HOLDING IT ALL
Last weekend I had the opportunity to attend a beautiful and inspirational workshop given by the poet/philosopher/spiritual writer, Mark Nepo. He is the author, among other books, of The Book of Awakening: Having the Life You Want By Being Present To the Life You Have, a New York Times' best seller.
There were many nuggets of beauty and wisdom for me to pluck and absorb from the workshop, and I will continue to reflect upon them in the weeks and months ahead while incorporating them into my work and conversations with clients and friends.
Many of the ideas were not new, but Nepo’s way of synthesizing and expressing them were fresh and captivating.
One theme that keeps bubbling to the surface is that of life’s inevitable and always present paradoxes. If we look around us, and we generally don’t have to look very far, -just check the news-we can see these paradoxes, these contradictions. There is tremendous cruelty and also great kindness; there are people and things coming to the end of their lives and those that are emerging, being born and bursting with life; there is great sadness and great joy. These things have always been true, but sometimes it seems that one force, one side of the scale is about to topple the other.
The question becomes how we can hold all of these things without becoming overwhelmed, pushing some of them away and/or clinging to others. How can we just hold them as one integrated whole and soak up and in our rich, contradictory life tapestry?
There is no one way, but learning to be present with all the emotions that life’s contradictions bring forth in us and opening our hearts to them can help. Sometimes this can be challenging and difficult emotions may arise.
By setting aside time each day to sit quietly and observe our thoughts, emotions and body sensations as they arise and disappear, without getting caught up in them is great practice for “real life”.

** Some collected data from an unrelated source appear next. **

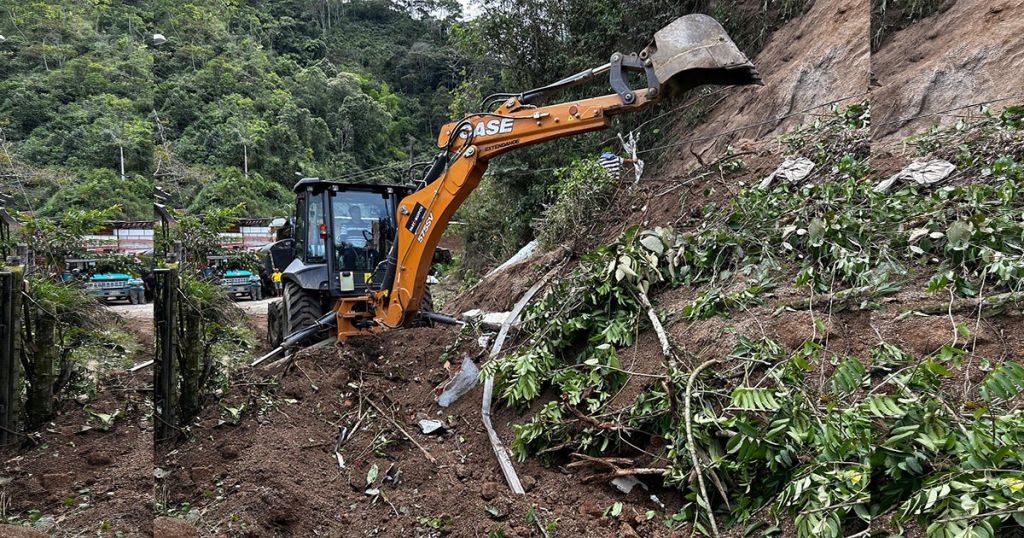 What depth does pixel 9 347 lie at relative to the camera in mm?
922

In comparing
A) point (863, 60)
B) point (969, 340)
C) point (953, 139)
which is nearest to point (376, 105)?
point (863, 60)

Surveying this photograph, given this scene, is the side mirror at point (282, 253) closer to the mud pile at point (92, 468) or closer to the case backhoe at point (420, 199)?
the case backhoe at point (420, 199)

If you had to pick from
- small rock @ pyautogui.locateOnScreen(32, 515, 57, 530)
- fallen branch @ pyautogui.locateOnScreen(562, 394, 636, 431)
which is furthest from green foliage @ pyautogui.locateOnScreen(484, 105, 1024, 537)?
small rock @ pyautogui.locateOnScreen(32, 515, 57, 530)

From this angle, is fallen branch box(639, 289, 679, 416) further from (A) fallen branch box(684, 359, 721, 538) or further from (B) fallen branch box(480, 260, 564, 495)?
(B) fallen branch box(480, 260, 564, 495)

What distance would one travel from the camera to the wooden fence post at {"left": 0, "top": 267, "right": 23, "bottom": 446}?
90cm

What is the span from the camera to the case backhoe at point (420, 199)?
4098 millimetres

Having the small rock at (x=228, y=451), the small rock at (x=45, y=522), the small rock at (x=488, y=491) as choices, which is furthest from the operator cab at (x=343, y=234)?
the small rock at (x=45, y=522)

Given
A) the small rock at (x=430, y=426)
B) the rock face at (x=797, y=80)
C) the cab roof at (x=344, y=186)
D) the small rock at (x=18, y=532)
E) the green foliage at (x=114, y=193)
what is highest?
the rock face at (x=797, y=80)

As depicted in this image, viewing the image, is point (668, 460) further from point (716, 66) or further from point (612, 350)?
point (716, 66)

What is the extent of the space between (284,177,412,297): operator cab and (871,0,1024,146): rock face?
4953 mm

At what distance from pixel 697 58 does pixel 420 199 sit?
8.77 ft

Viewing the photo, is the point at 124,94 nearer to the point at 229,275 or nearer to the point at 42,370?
the point at 42,370

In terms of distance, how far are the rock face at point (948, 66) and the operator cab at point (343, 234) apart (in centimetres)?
495

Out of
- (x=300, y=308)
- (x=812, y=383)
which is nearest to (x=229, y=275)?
(x=812, y=383) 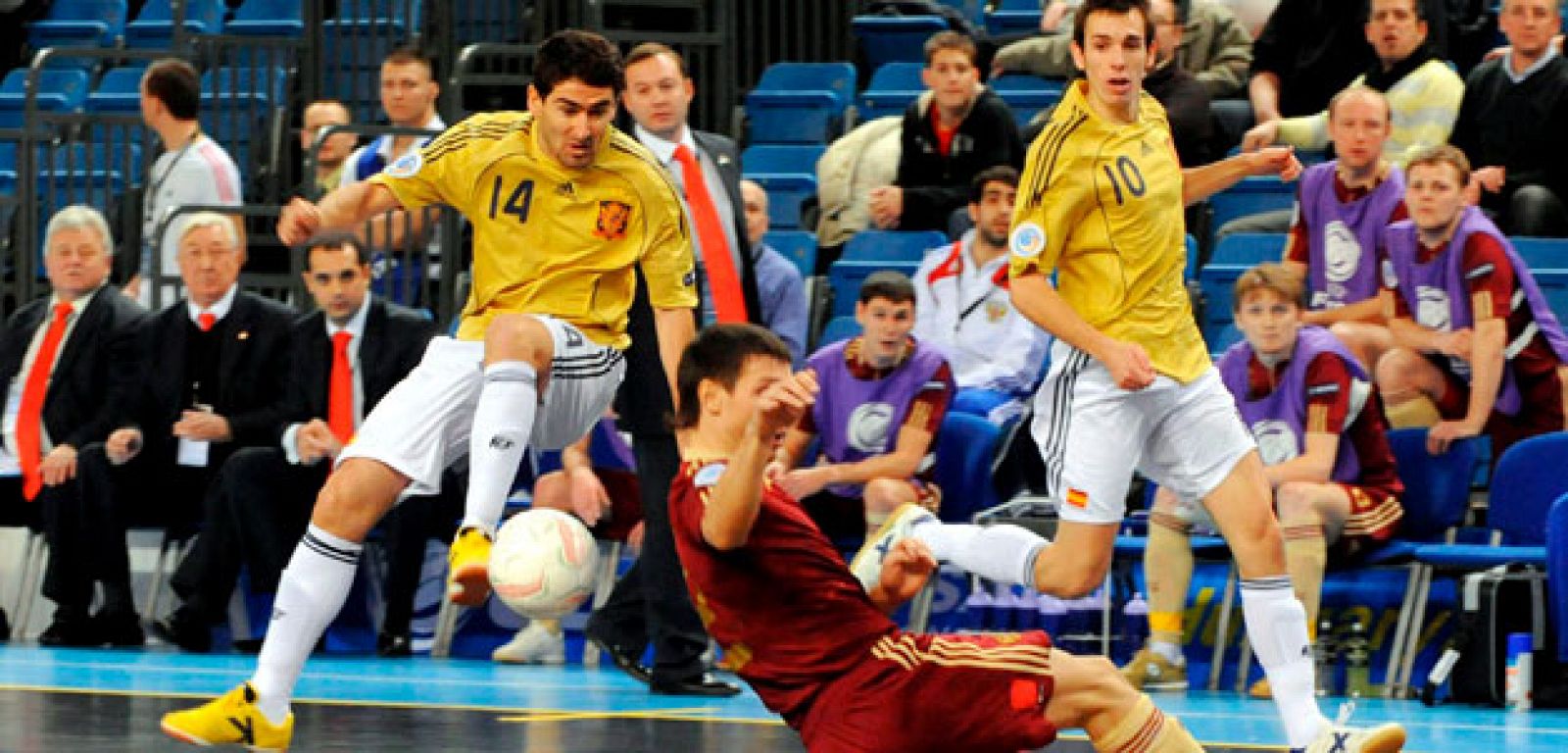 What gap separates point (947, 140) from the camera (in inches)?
497

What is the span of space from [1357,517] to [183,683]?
4319 mm

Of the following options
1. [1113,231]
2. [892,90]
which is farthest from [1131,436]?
[892,90]

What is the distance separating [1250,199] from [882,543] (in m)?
5.91

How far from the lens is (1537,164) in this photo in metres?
11.5

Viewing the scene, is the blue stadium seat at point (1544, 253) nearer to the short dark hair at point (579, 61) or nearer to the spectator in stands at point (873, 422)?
the spectator in stands at point (873, 422)

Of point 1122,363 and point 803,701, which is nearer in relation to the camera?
point 803,701

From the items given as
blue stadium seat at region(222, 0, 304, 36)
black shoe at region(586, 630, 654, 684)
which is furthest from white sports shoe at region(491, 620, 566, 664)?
blue stadium seat at region(222, 0, 304, 36)

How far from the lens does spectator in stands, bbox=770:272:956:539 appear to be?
10.8 meters

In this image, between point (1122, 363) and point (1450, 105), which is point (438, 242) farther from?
point (1122, 363)

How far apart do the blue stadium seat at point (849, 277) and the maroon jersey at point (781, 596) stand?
6.27 m

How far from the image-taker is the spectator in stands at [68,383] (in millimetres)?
12570

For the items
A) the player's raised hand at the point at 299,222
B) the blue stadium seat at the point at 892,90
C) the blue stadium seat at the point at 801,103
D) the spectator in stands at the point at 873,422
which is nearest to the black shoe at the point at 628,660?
the spectator in stands at the point at 873,422

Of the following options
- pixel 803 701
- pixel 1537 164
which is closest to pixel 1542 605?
pixel 1537 164

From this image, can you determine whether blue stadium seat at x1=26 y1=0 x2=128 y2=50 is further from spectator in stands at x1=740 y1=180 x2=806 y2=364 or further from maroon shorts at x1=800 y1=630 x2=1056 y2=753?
maroon shorts at x1=800 y1=630 x2=1056 y2=753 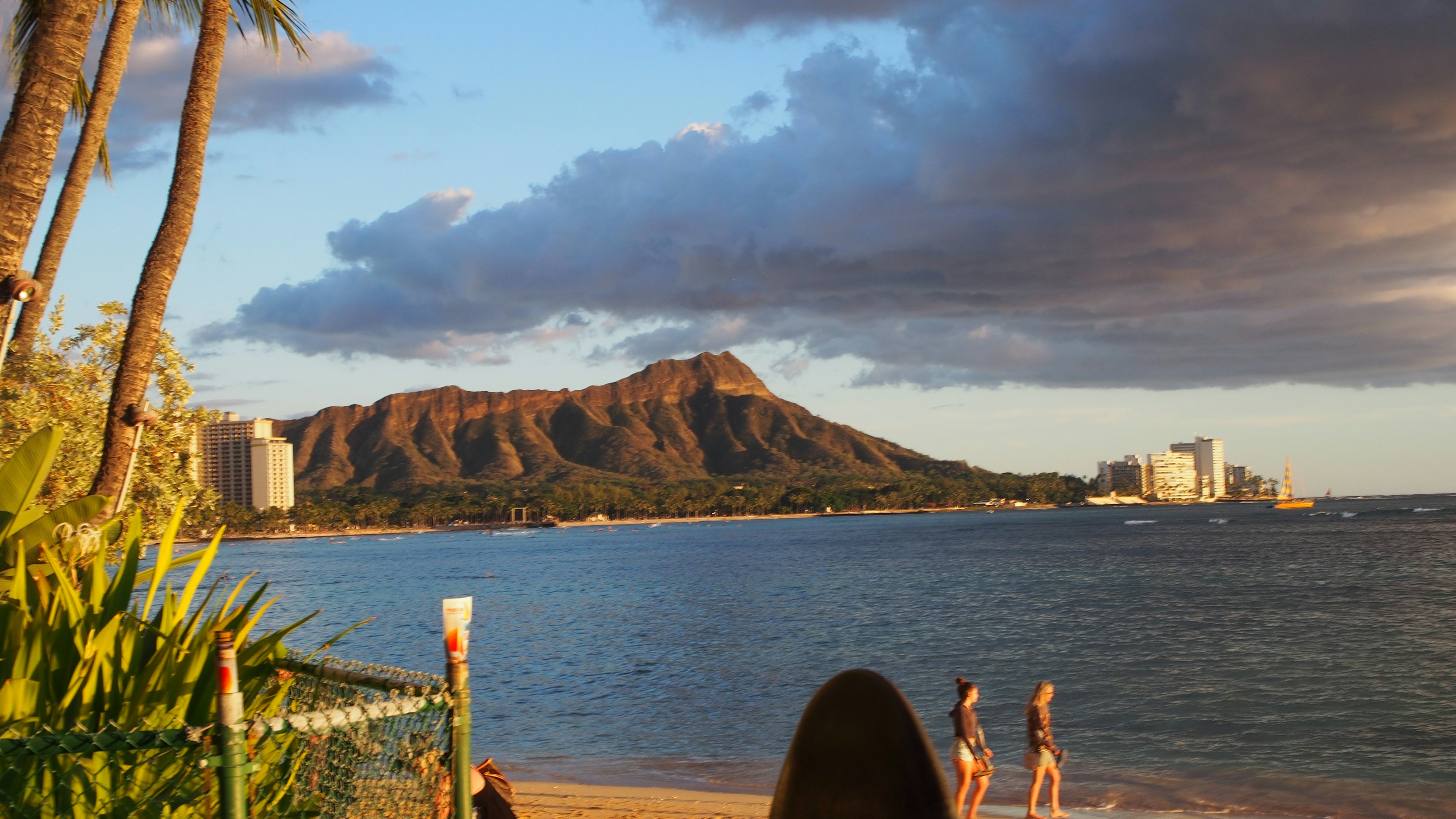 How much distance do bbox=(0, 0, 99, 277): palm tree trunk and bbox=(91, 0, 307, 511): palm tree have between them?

One mindful meditation practice which can be helpful to deal with our challenging emotions is called RAIN which is a four step process:
1. R-Recognize
2. A-Accept
3. I-Investigate
4. N- Non-identification
Here is a brief explanation and description of the practice by psychologist and author Dr. Rick Hanson:
R = Recognize: Notice that you are experiencing something, such as irritation at the tone of voice used by your partner, child, or co-worker. Step back into observation rather than reaction. Without getting into story, simply name what is present, such as “annoyance,” “thoughts of being mistreated,” “body firing up,” “hurt,” “wanting to cry.”
A = Accept (Allow): Acknowledge that your experience is what it is, even if it’s unpleasant. Be with it without attempting to change it. Try to have self-compassion instead of self-criticism. Don’t add to the difficulty by being hard on yourself.

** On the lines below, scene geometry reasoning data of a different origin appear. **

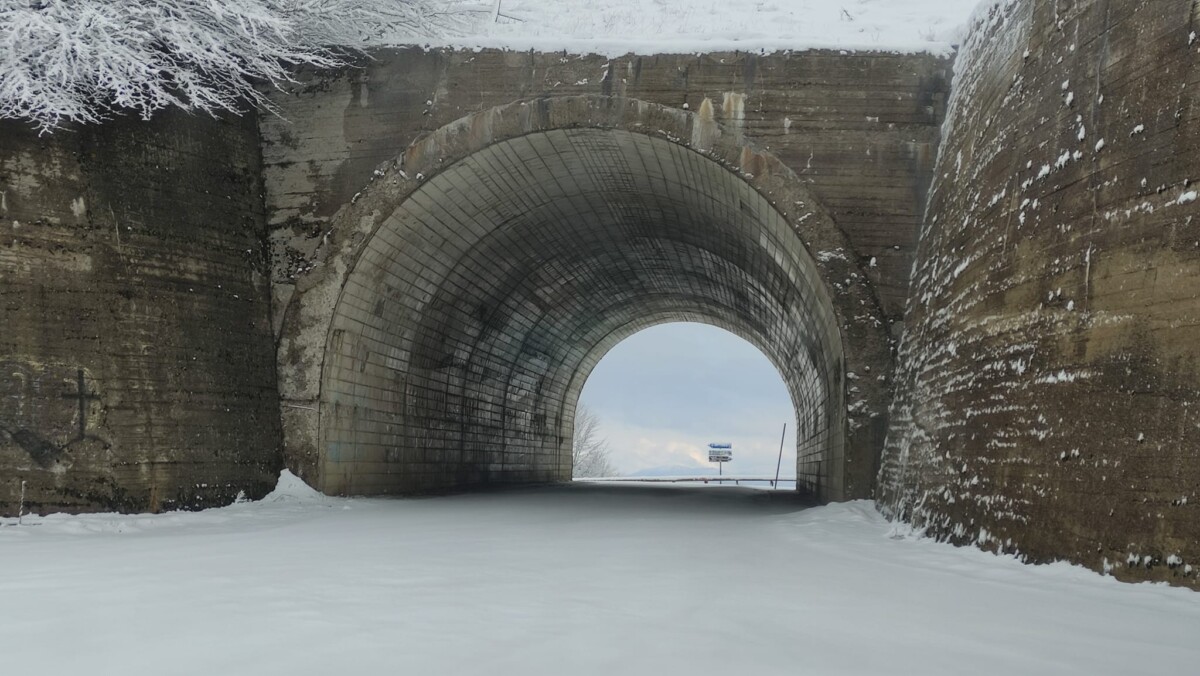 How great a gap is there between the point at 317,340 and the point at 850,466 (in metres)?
5.88

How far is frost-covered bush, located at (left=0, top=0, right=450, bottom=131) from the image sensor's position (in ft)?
29.6

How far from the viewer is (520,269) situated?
15094mm

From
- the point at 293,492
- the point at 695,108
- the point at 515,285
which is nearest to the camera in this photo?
the point at 695,108

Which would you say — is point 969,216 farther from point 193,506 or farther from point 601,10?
point 193,506

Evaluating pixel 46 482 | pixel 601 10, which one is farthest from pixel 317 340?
pixel 601 10

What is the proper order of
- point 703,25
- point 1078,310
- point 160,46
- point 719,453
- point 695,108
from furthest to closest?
point 719,453 < point 703,25 < point 695,108 < point 160,46 < point 1078,310

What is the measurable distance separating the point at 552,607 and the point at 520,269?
10531mm

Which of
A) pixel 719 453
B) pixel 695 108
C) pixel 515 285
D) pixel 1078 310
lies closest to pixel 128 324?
pixel 695 108

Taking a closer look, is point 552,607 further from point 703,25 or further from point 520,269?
point 520,269

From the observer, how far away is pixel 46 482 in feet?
29.9

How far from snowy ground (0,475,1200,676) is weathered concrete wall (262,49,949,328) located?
12.8ft

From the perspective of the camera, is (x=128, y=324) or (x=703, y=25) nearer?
(x=128, y=324)

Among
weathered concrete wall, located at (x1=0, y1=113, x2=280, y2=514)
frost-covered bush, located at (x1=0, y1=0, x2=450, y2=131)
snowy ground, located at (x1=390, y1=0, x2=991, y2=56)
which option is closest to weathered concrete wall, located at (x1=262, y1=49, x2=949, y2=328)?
snowy ground, located at (x1=390, y1=0, x2=991, y2=56)

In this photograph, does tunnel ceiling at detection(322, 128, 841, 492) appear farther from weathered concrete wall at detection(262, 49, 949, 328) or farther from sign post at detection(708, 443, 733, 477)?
sign post at detection(708, 443, 733, 477) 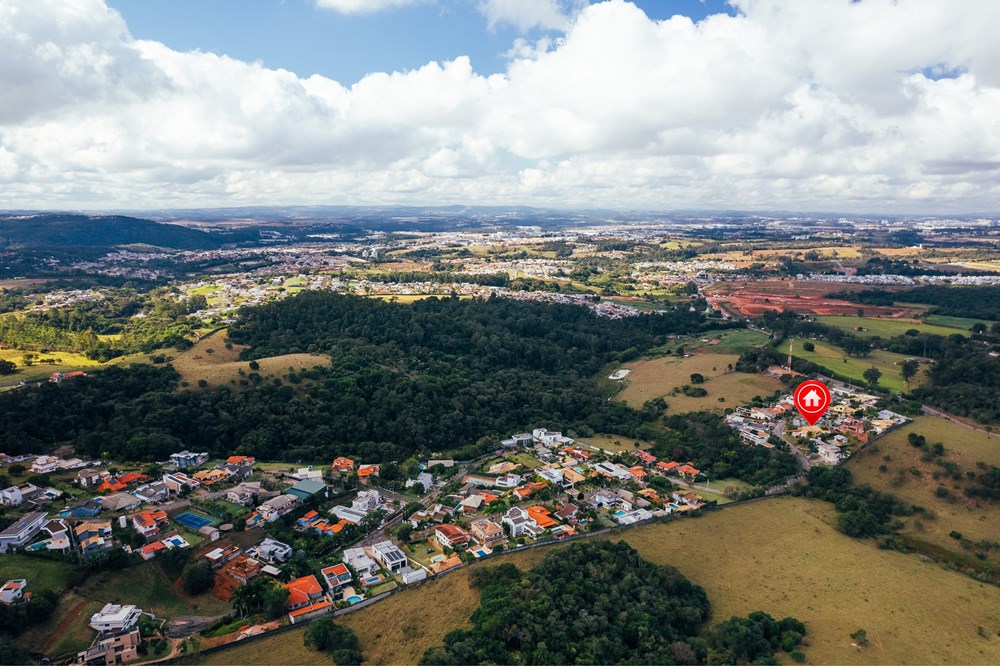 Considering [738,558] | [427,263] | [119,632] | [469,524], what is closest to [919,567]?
[738,558]

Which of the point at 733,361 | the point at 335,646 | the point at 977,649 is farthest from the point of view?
the point at 733,361

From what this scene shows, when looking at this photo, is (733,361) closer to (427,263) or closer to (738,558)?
(738,558)

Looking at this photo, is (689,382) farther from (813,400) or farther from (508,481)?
(508,481)

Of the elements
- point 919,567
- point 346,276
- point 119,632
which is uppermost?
point 346,276

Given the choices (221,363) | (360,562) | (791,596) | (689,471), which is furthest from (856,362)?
(221,363)

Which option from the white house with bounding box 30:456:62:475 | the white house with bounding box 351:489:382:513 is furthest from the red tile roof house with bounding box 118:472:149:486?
the white house with bounding box 351:489:382:513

I = Investigate (Inquire): Try to find an attitude of interest, curiosity, and openness. Not detached intellectual analysis but a gently engaged exploration, often with a sense of tenderness or friendliness toward what it finds. Open to other aspects of the experience, such as softer feelings of hurt under the brittle armor of anger. It’s OK for your inquiry to be guided by a bit of insight into your own history and personality, but try to stay close to the raw experience and out of psychoanalyzing yourself.
N = Not-identify (Not-self): Have a feeling/thought/etc., instead of being it. Disentangle yourself from the various parts of the experience, knowing that they are small, fleeting aspects of the totality you are. See the streaming nature of sights, sounds, thoughts, and other contents of mind, arising and passing away due mainly to causes that have nothing to do with you, that are impersonal. Feel the contraction, stress, and pain that comes from claiming any part of this stream as “I,” or “me,” or “mine” – and sense the spaciousness and peace that comes when experiences simply flow.